Low cosine similarity scores for InternVideo2 video embeddings vs text caption embeddings

mposey commented 3 months ago

I have been observing low cosine similarity scores for InternVideo2 video embeddings compared to relevant text caption embeddings. In some cases, the scores are even negative. I am not sure if I am misinterpreting how to compute the similarity scores for videos and their text captions.

Expected outcome: The cosine similarity scores should be high (close to 1) for videos with relevant captions.

Actual outcome: The cosine similarity scores are low (sometimes negative) for some videos with relevant captions.

UknowSth commented 2 months ago

Same problem was encountered. most of the relevant descriptive texts computed low cosine similarity, fluctuating above and below 0, and not taking values much higher than random texts. I wonder if I've miscalculated. Have you solved this problem？ The rough logic of my code is as follows.

with torch.no_grad():
        images = read_frames(...)
        images = image_transform(images)
        images = images.to(device)
        # load video
        image_feat = clip_model.encode_vision(images.unsqueeze(0), test=True).float()
        image_feat /= image_feat.norm(dim=-1, keepdim=True)    
        # load text
        text_feat = clip_model.encode_text(tokenizer([text],max_length=300).to(device)).float()
        text_feat /= text_feat.norm(dim=-1, keepdim=True) 

        logit_per_text =  image_feat @ text_feat.T
        score_per_video =  float(logit_per_text[0][0].cpu())

UknowSth commented 2 months ago

I have resolved.

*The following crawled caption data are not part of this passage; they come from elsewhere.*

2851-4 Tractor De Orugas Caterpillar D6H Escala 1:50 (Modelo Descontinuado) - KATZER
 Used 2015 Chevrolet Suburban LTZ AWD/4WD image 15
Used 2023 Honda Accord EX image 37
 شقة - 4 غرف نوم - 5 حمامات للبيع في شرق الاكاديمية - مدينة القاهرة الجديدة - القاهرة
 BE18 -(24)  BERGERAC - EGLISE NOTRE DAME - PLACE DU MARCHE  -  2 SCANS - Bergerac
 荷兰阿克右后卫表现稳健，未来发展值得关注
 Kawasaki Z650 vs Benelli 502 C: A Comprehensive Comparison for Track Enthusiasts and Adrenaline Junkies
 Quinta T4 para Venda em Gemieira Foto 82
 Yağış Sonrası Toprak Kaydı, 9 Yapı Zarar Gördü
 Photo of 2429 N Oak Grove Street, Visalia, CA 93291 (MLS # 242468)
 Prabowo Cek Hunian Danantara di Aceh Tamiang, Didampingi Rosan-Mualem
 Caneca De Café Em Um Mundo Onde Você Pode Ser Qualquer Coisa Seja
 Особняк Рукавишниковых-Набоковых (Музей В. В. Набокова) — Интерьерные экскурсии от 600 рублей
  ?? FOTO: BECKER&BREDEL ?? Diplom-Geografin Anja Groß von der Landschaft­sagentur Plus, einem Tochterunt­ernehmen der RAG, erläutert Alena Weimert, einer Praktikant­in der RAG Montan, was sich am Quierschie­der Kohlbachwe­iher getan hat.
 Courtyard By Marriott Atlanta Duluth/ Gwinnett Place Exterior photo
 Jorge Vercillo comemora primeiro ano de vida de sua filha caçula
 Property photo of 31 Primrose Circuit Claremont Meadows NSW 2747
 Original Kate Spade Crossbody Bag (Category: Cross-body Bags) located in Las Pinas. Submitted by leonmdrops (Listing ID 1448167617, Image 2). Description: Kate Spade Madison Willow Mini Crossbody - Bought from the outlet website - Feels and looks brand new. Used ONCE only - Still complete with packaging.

It was due to the model not loading the pretrained model, meaning the pretrained_path in the config file was not filled in. I achieved better results by loading the 1B_clip.pth from https://huggingface.co/OpenGVLab/InternVideo2-CLIP-1B-224p-f8/tree/main.

yshuolu commented 1 month ago

@UknowSth Could you please provide a bit more details to your solution? I encountered the same.

UknowSth commented 1 month ago

@UknowSth Could you please provide a bit more details to your solution? I encountered the same.

Take scripts/evaluation/clip/zero_shot/1B/config_anet.py as an example, where pretrained_path is not filled in by default. Download 1B_clip.pth from huggingface and then fill in pretrained_path.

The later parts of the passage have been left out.